Vanderbilt Baseball announced that ticket proceeds from its game against Lipscomb Tuesday will go toward the Community Foundation of Middle Tennessee to benefit the Covenant School.
The money will be "supporting those affected by the tragedy that unfolded in the Nashville community on Monday," the team said on its website.
Police body-camera footage shows officers confronting the shooter
From CNN's Melissa Alonso
Editor's note: This post contains graphic descriptions of violence.
The Metro Nashville Police Department released body-camera footage of at least two police officers who responded to Monday's shooting at Covenant School.

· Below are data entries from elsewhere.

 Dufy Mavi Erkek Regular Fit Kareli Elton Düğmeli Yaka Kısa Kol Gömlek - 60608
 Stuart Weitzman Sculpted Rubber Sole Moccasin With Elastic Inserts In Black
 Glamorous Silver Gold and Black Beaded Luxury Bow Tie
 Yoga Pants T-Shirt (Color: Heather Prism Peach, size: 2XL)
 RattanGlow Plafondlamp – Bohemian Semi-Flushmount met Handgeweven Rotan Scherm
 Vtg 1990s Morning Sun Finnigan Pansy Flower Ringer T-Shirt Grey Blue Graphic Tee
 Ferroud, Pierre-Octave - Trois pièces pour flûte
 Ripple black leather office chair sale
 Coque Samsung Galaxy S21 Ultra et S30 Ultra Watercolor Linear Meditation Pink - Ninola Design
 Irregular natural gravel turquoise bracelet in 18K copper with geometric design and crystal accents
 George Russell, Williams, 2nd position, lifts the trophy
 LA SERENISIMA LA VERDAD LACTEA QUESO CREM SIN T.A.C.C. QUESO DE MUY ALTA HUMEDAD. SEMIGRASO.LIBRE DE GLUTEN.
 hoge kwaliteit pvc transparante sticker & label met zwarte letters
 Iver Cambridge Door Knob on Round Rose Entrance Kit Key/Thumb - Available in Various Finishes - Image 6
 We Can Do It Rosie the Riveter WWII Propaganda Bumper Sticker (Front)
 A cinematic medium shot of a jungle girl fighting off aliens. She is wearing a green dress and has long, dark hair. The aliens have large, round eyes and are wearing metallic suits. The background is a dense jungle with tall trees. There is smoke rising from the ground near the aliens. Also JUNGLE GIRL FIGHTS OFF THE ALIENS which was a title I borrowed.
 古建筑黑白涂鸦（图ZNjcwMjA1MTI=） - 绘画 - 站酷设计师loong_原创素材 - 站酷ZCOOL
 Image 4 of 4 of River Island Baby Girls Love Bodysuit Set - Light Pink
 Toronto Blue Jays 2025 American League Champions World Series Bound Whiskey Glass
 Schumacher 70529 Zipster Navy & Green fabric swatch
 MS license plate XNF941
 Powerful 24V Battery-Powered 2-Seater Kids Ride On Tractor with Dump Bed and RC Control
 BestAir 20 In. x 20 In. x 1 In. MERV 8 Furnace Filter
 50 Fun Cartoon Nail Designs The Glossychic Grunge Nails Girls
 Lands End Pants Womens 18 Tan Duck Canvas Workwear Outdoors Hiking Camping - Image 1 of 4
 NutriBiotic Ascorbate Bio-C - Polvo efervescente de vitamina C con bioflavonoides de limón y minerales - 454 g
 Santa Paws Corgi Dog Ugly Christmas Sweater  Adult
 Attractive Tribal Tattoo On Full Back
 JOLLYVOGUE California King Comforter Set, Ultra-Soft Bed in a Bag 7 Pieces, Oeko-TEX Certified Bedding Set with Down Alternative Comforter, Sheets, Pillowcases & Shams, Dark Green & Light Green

The footage is from the body-worn cameras of officers Rex Engelbert and Michael Collazo, who police said fatally shot the attacker on Monday at 10:27 a.m. local time.
At the start of the six-minute video, Engelbert is seen arriving at the school and exiting his vehicle. He grabs a long rifle from the car's trunk and heads toward one part of the building before heading toward a door. The officer approaches a woman outside the school who says the school is on lockdown but there are two children unaccounted for.
The woman, a school official, directs Engelbert to go upstairs.
Another school official is seen handing the officer a key to open an exterior door into the building. Engelbert yells to his fellow officers: "Let's go, I need three!"
Engelbert enters the school — about one minute after pulling up to the building — with other officers following and immediately getting into a tactical formation. About three minutes into the video, gunshots are heard in the distance and an officer is heard saying "It's upstairs, sounds like it’s upstairs."
The officers rush up a stairwell as the gunshots grow louder.
The flashes from the shooter's gunfire are seen in Collazo's bodycam footage, which leads the officers down a hall to the suspect's position.
The officers approach the sound of gunfire and Engelbert rounds a corner and fires multiple times at a person near a large window, who drops to the ground, the video shows.
Collazo then pushes forward and appears to shoot the person on the ground four times with a handgun, yelling, “Stop moving!” The officers finally approach the person, move a gun away and then radio, “Suspect down! Suspect down!